PROBLEM STATEMENT:
Every entry, from the first to the last, should be written out exactly.

=-=-=-=-=

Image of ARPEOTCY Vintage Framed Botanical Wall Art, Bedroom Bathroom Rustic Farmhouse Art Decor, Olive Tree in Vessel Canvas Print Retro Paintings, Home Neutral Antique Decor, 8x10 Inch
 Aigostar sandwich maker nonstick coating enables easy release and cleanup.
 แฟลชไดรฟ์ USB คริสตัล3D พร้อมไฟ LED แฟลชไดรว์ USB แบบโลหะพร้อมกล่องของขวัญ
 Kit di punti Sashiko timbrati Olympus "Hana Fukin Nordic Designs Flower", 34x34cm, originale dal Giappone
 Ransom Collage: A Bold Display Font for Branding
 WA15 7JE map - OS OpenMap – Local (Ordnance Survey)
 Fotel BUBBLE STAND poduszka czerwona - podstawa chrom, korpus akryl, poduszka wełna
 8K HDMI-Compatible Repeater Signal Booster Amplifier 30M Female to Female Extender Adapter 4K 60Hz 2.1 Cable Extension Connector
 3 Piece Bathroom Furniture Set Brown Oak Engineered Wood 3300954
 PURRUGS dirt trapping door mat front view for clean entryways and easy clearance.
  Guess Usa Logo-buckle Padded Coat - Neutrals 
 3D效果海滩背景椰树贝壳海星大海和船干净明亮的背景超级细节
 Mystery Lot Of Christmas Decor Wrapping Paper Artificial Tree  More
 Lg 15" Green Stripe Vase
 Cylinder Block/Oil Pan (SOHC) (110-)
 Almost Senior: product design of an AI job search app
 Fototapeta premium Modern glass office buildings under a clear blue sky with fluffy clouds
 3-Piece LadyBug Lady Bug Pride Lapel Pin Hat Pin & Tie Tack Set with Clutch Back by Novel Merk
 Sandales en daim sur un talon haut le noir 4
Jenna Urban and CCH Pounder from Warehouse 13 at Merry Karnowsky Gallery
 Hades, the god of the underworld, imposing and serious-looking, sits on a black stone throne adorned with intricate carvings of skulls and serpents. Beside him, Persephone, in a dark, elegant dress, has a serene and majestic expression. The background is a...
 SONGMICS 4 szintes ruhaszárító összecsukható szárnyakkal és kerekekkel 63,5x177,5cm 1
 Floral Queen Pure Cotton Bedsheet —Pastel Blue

=-=-=-=-=

FINISHED EXERCISE:
Image of ARPEOTCY Vintage Framed Botanical Wall Art, Bedroom Bathroom Rustic Farmhouse Art Decor, Olive Tree in Vessel Canvas Print Retro Paintings, Home Neutral Antique Decor, 8x10 Inch
 Aigostar sandwich maker nonstick coating enables easy release and cleanup.
 แฟลชไดรฟ์ USB คริสตัล3D พร้อมไฟ LED แฟลชไดรว์ USB แบบโลหะพร้อมกล่องของขวัญ
 Kit di punti Sashiko timbrati Olympus "Hana Fukin Nordic Designs Flower", 34x34cm, originale dal Giappone
 Ransom Collage: A Bold Display Font for Branding
 WA15 7JE map - OS OpenMap – Local (Ordnance Survey)
 Fotel BUBBLE STAND poduszka czerwona - podstawa chrom, korpus akryl, poduszka wełna
 8K HDMI-Compatible Repeater Signal Booster Amplifier 30M Female to Female Extender Adapter 4K 60Hz 2.1 Cable Extension Connector
 3 Piece Bathroom Furniture Set Brown Oak Engineered Wood 3300954
 PURRUGS dirt trapping door mat front view for clean entryways and easy clearance.
  Guess Usa Logo-buckle Padded Coat - Neutrals 
 3D效果海滩背景椰树贝壳海星大海和船干净明亮的背景超级细节
 Mystery Lot Of Christmas Decor Wrapping Paper Artificial Tree  More
 Lg 15" Green Stripe Vase
 Cylinder Block/Oil Pan (SOHC) (110-)
 Almost Senior: product design of an AI job search app
 Fototapeta premium Modern glass office buildings under a clear blue sky with fluffy clouds
 3-Piece LadyBug Lady Bug Pride Lapel Pin Hat Pin & Tie Tack Set with Clutch Back by Novel Merk
 Sandales en daim sur un talon haut le noir 4
Jenna Urban and CCH Pounder from Warehouse 13 at Merry Karnowsky Gallery
 Hades, the god of the underworld, imposing and serious-looking, sits on a black stone throne adorned with intricate carvings of skulls and serpents. Beside him, Persephone, in a dark, elegant dress, has a serene and majestic expression. The background is a...
 SONGMICS 4 szintes ruhaszárító összecsukható szárnyakkal és kerekekkel 63,5x177,5cm 1
 Floral Queen Pure Cotton Bedsheet —Pastel Blue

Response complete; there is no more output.